What you will do:
Only one stretch of lines is wanted: the line with "Tirane, shitet apartament" through the final line of the material. Restate it word for word, minus pictures.

Provided information:
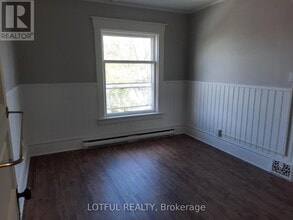 7 Montgomery Pl in Smiths Falls, ON - Building Photo - Building Photo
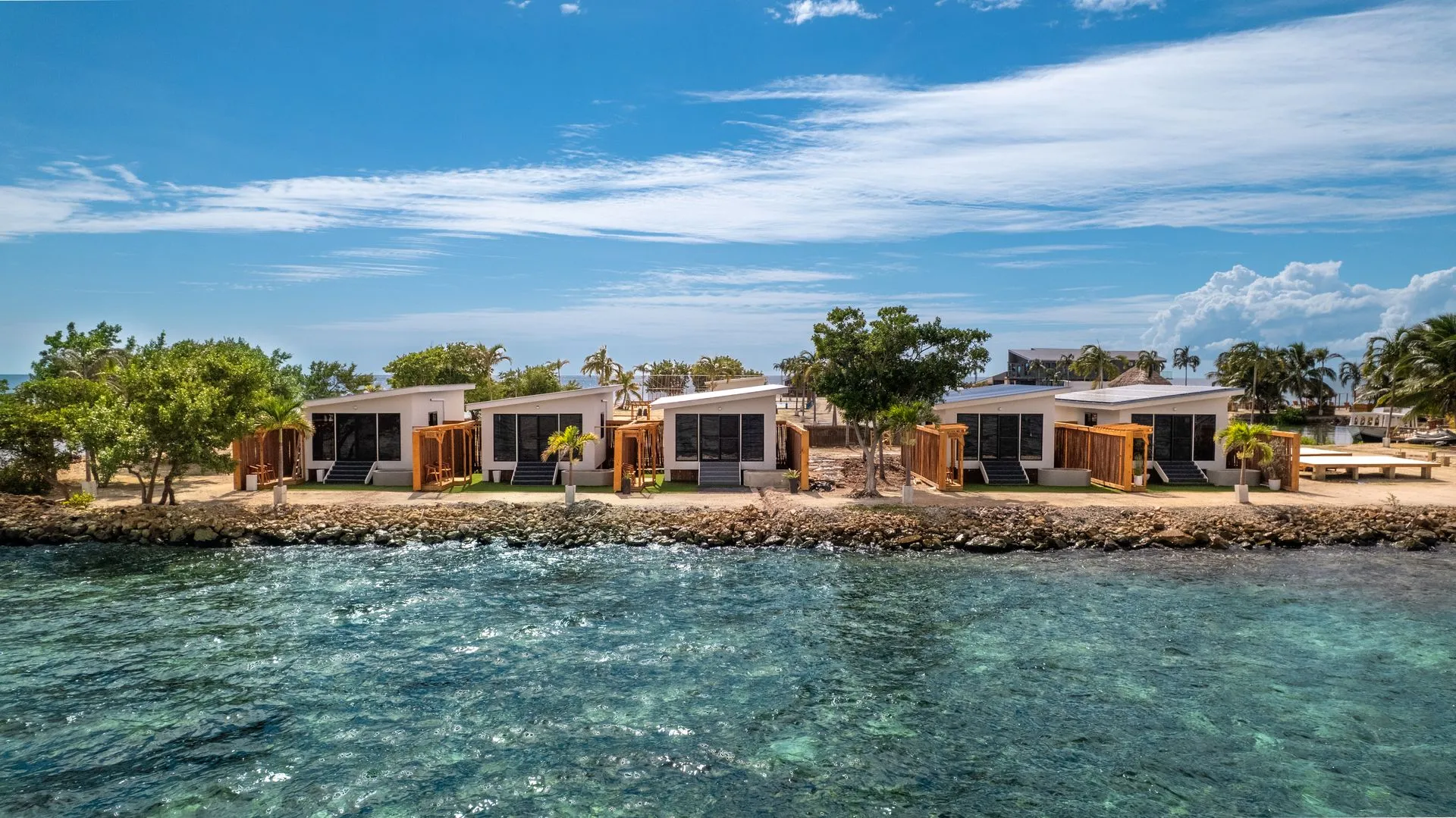 Erleben Sie den ultimativen privaten Inselurlaub auf Bullock Private Island mit einem exklusiven Rabatt von 30 % auf unsere Cabanas direkt am Meer.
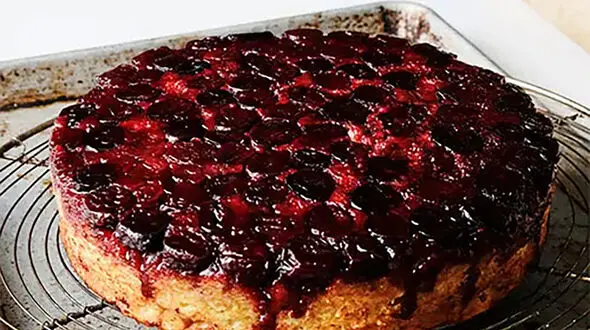 طرز تهیه کیک آلبالویی / فیلم
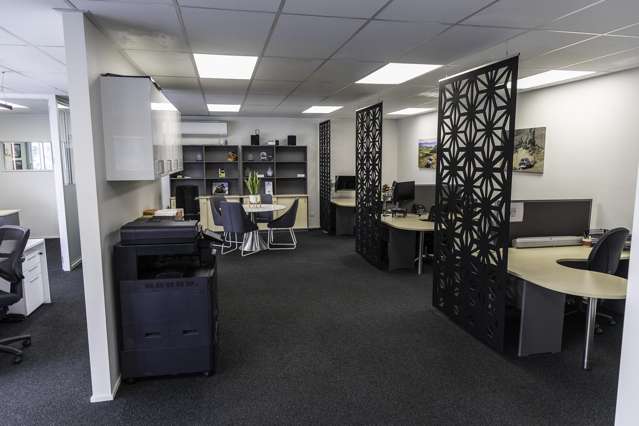 206 Ferry Road Waltham_4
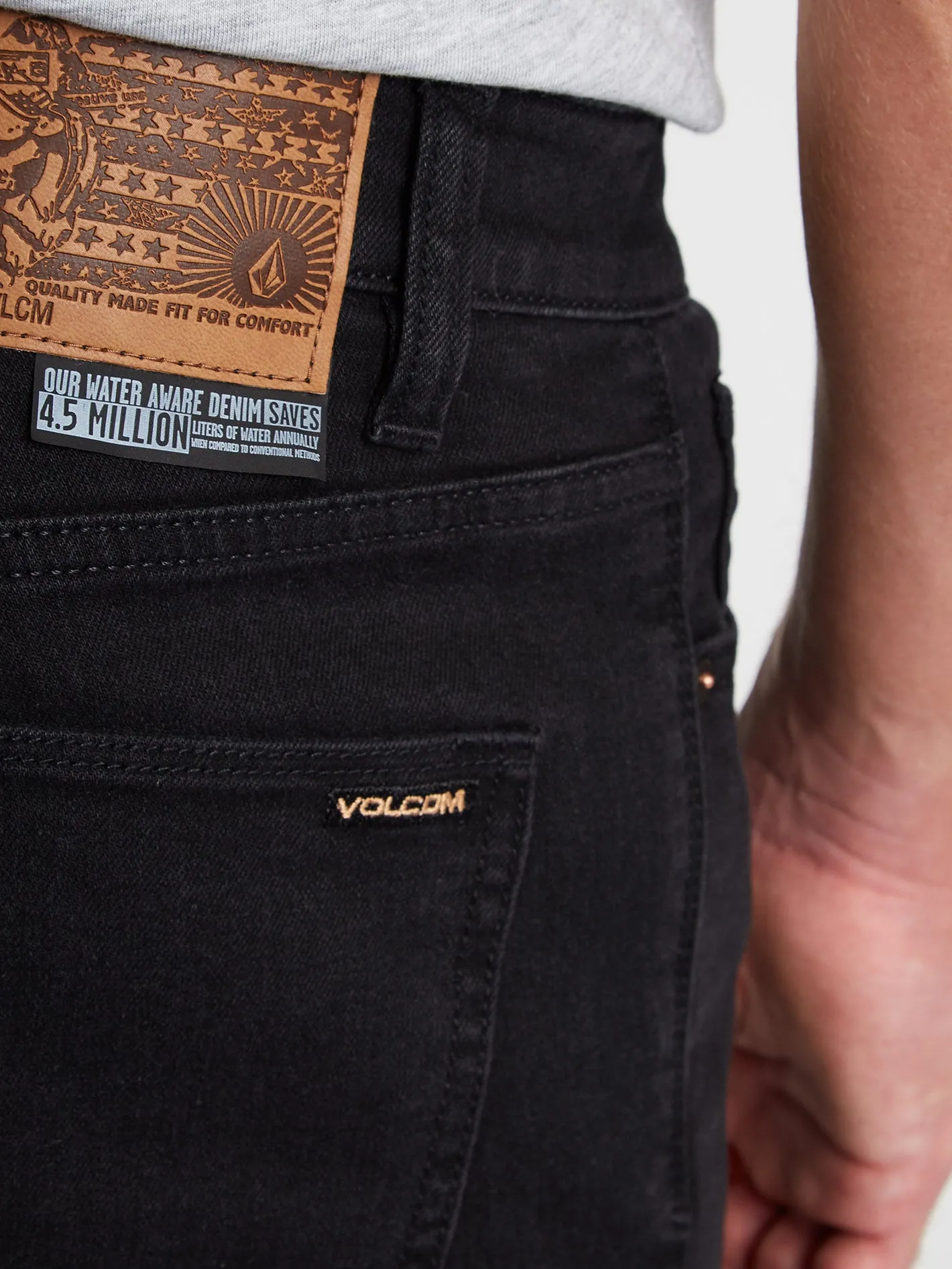 2 X Vorta Tapered Denim - BLACK OUT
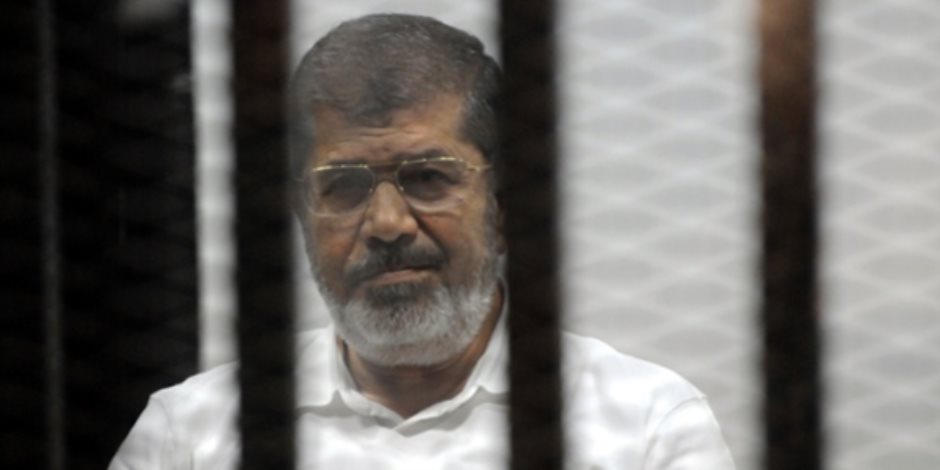 ناشط إخواني: عودة مرسي للحكم «مستحيلة».. والجماعة «بتستهبل»
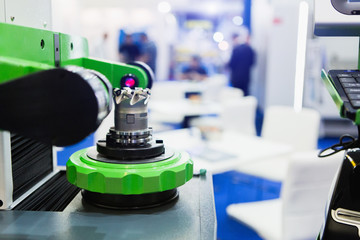 Leinwandbilder - Automatic laser machine for precise measurement of part size and quality evaluation
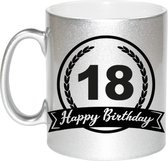 Zilveren Happy Birthday 18 years cadeau mok / beker met wimpel - 330 ml - keramiek - verjaardags koffiemok / theebeker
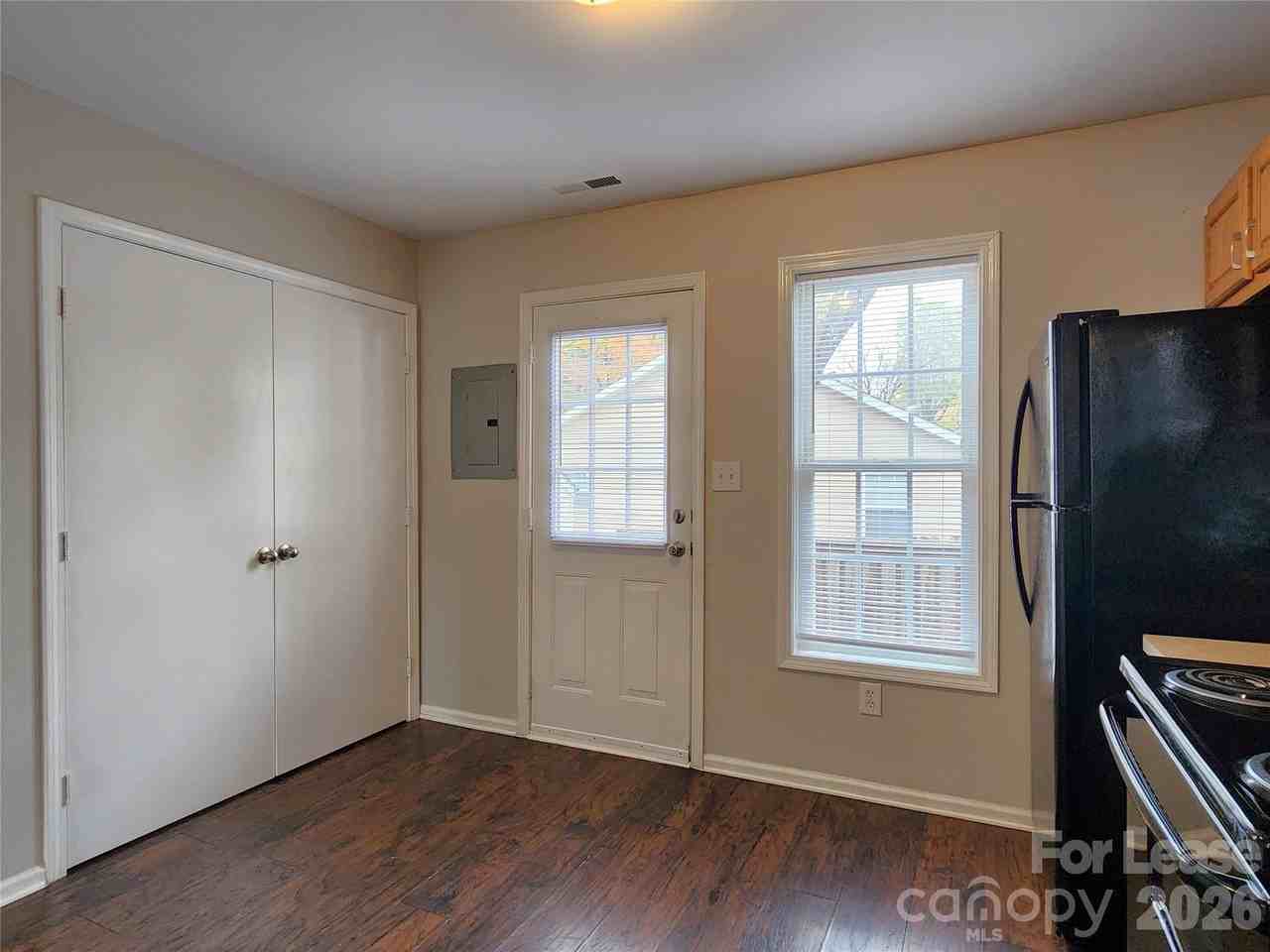 268 Southcircle Dr Nw Apt G #G - Photo 5 of 23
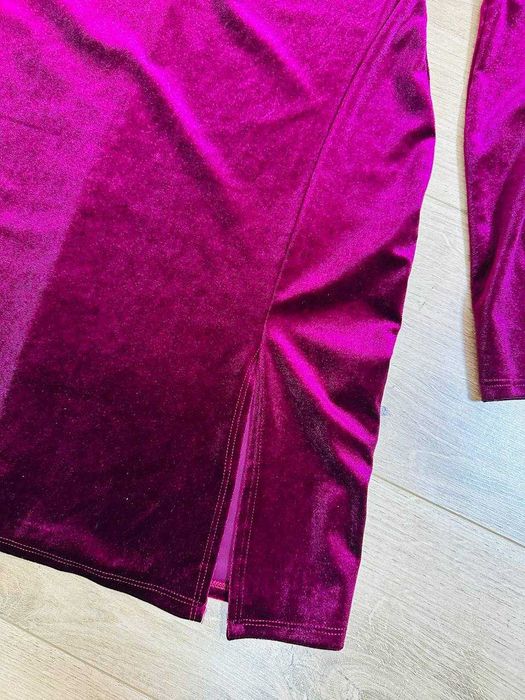 Вечірня велюрова сукня міді бордового кольору М розміру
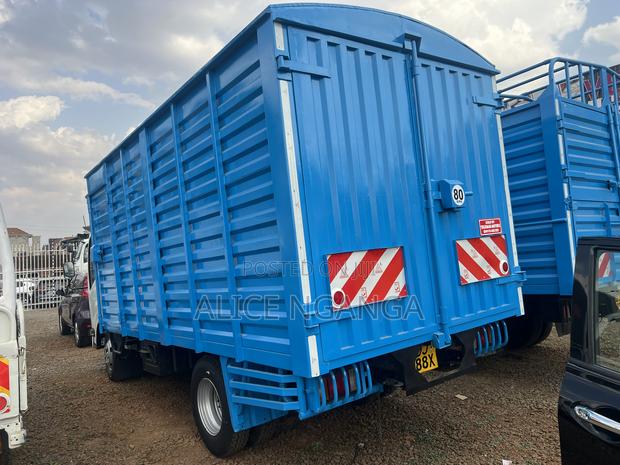 Isuzu NMR Cover Body 2022 White - thumbnail 3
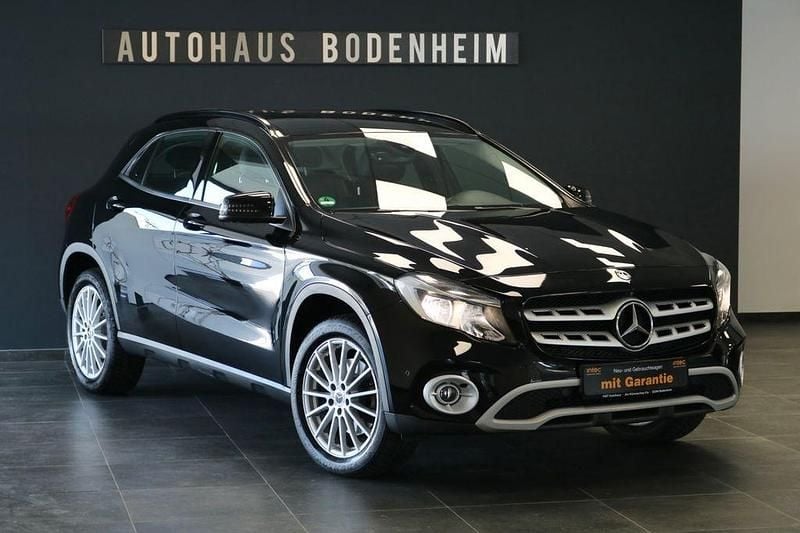 Schwarz Gebraucht 2018 Mercedes GLA220 Style SUV | 24.990 € (Fairer Preis) - Bild 1/4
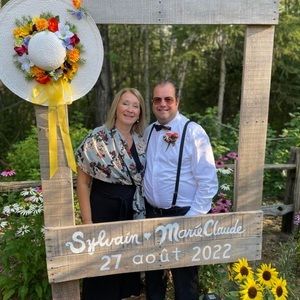 Meet your Posher, Denis monty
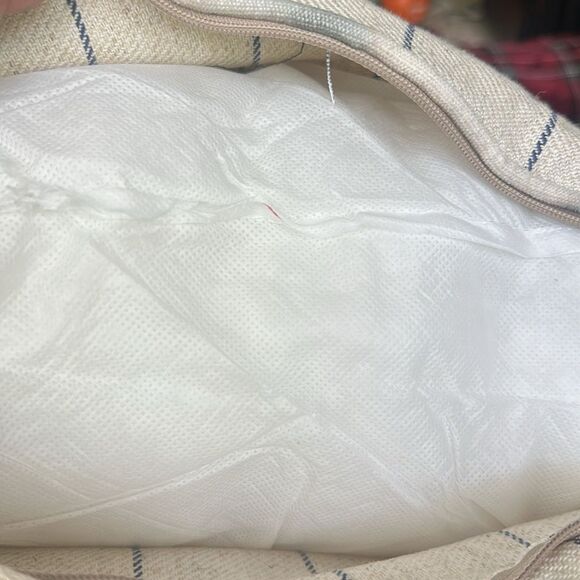 Bassett Custom-Made Accent Pillow Set (2) - Picture 4 of 4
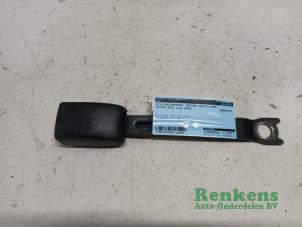 Gebruikte Veiligheidsgordel Insteek rechts-voor Toyota Aygo (B10) 1.0 12V VVT-i Prijs € 15,00 Margeregeling aangeboden door Renkens Auto-Onderdelen B.V.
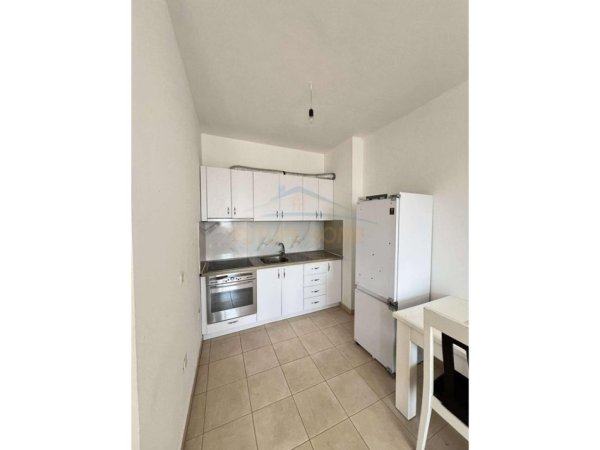 Tirane, shitet apartament 1+1 Kati 8, 73 m² 90.000 € (Unaza e Re)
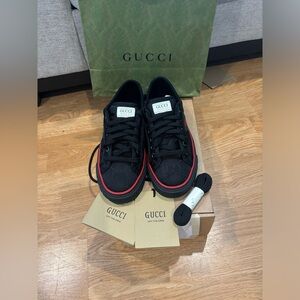 Women’s Gucci Shoe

Answer below:
 Tirane, shitet apartament 1+1 Kati 8, 73 m² 90.000 € (Unaza e Re)
 Women’s Gucci Shoe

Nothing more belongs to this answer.